In India STAR TV reaches 10 million households. Having its own channel gives STAR TV freedom to monitor the videos used and tailor its programs, which may encourage more local makers of toothpaste, soft drinks and television sets to sign on. Still, V looks much like its predecessor, and Calcutta's weekly Sunday lamented that "nothing much has changed in terms of the program content." The appearance of former MTV veejays gives a further sense of deja- V. Oye BPL features videos of songs in current films; but Vibe is a new program specifically geared toward Indians, interspersing music segments with news and gossip from Bollywood. STAR TV officials will not say what the single letter stands for. Video? Veejay? Vibe?
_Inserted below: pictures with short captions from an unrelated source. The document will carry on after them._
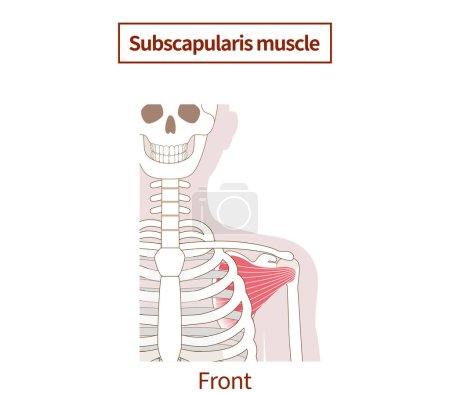 Illustration der Anatomie des Subscapularis-Muskels Rotator Cuff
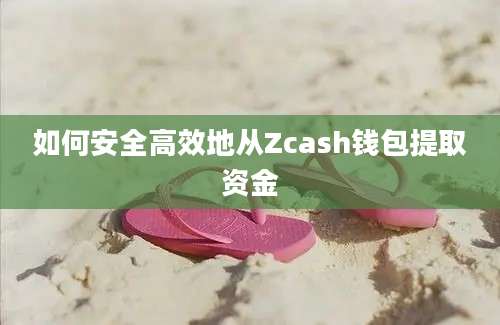 如何安全高效地从Zcash钱包提取资金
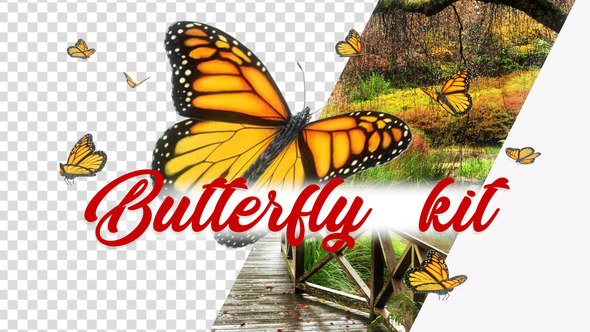 Butterfly KitBundle - VideoHive 23747019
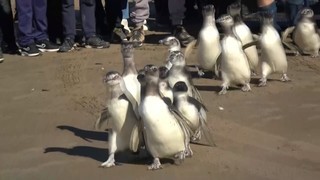 424194_46188000_El_rescat_de_14_pinguinets_0.jpg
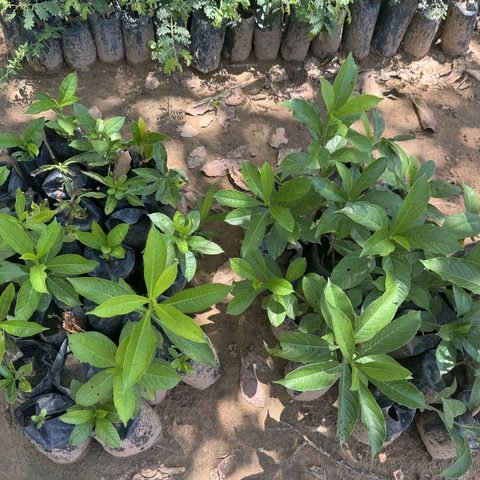 Baobab seedlings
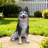 Lifelike Husky Dog Statue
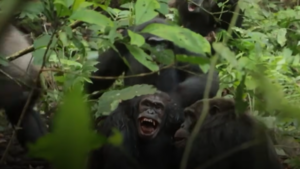 Uganda: La mayor comunidad de chimpancés salvajes se divide e instaura una violencia mutua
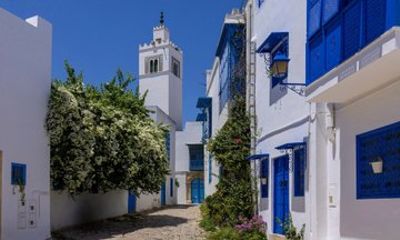 Excursion VIP Tunis Medina, Bardo Carthage & Sidi BouSaid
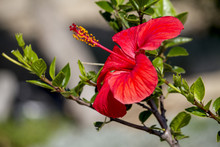 Close Up View Of A Beautiful Red Hibiscus Flower.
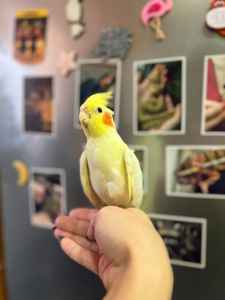 Корела нимфа, корелла птенцы ручные выкормыши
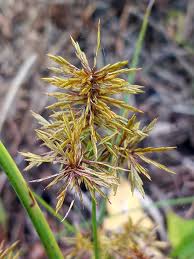 Image result for Cyperus mollipes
No, sniff many Indians, it means vulgar.
DANCE/GERMANY
Triptych of Neuroses
Francis Bacon
Choreographed by Johann Kresnik and Ismael Ivo; Theater Festival Freiburg
TALKING ABOUT THE VIOlence in his paintings, Francis Bacon once said, "I'm just trying to make images as accurately off my nervous system as I can." Two years after the British artist's death at age 82, the coagulated flesh and quivering neuroses of his canvases are a danse macabre for three performers. Co-choreographed by Austria's Johann Kresnik and Brazil's Ismael Ivo, who performs one of the two male roles, the production premiered in Stuttgart last year, and is touring German cities before performances in Austria and Scandinavia. The effect, says Berlin's taz, is that of "hard-core Beckett."
To a taped collage of groans, dissonant music, screechy sounds and human voices, the 70-min. Francis Bacon presents a series of dread encounters. Intermittently three severely simple beds unfold from a high metallic wall, leaving behind them blank spaces that evoke Bacon's famous triptychs. Within a claustrophobic space, the dancers meet and savagely break apart. The two men fight like beasts over a piece of raw meat, tearing at it with their teeth. Bare-breasted, with her skin ashen white and her hair disheveled, the female dancer is wrapped with fabric below the waist and, looking like a legless torso, drags herself along the floor with a steel knife as a crutch. A man frantically tosses on his narrow cot, turning in upon himself, unable to escape unbearable reality. At the finale, Bacon's voice is heard saying he is aware of life and death and finds both equally interesting.